=== Task details ===
Starting with the line below that holds "So we get 3" and stopping after the line that holds "In the last", transcribe the lines exactly, leaving out all pictures.

=== Entries shown ===
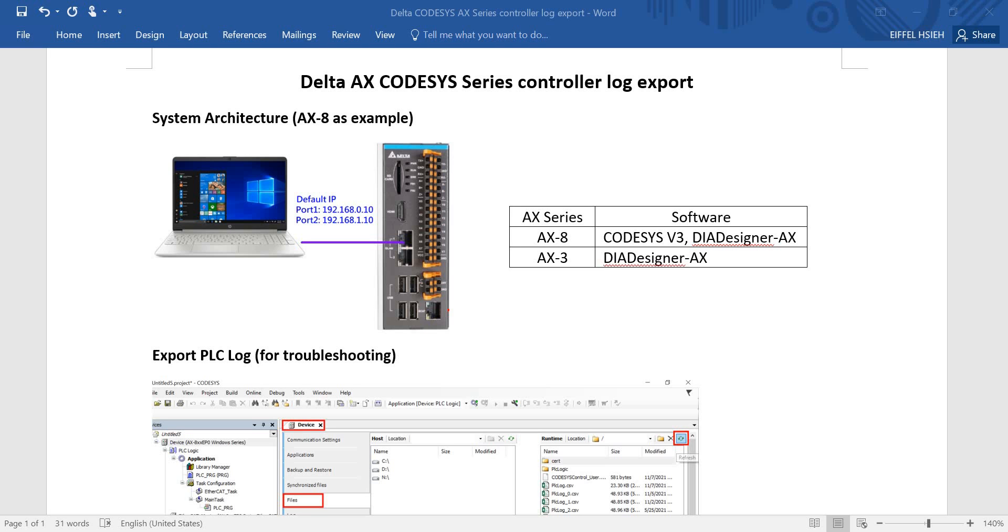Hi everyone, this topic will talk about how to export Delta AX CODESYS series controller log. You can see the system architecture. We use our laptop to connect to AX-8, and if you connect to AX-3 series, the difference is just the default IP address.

---

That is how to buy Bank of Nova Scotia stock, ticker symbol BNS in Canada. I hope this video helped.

==

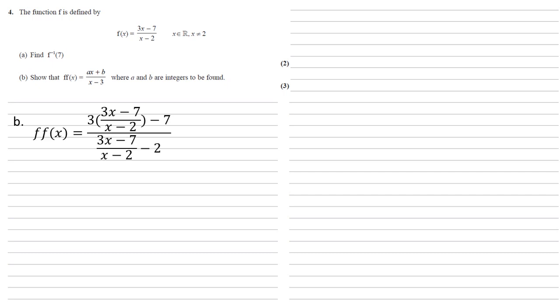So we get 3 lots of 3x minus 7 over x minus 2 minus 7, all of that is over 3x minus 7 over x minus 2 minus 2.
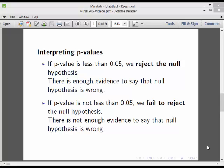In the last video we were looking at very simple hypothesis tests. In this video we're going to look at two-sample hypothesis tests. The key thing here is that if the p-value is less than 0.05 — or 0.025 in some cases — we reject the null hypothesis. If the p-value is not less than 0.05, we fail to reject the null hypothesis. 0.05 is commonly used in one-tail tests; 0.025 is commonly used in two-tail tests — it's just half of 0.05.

=== Task answer ===
So we get 3 lots of 3x minus 7 over x minus 2 minus 7, all of that is over 3x minus 7 over x minus 2 minus 2.
In the last video we were looking at very simple hypothesis tests. In this video we're going to look at two-sample hypothesis tests. The key thing here is that if the p-value is less than 0.05 — or 0.025 in some cases — we reject the null hypothesis. If the p-value is not less than 0.05, we fail to reject the null hypothesis. 0.05 is commonly used in one-tail tests; 0.025 is commonly used in two-tail tests — it's just half of 0.05.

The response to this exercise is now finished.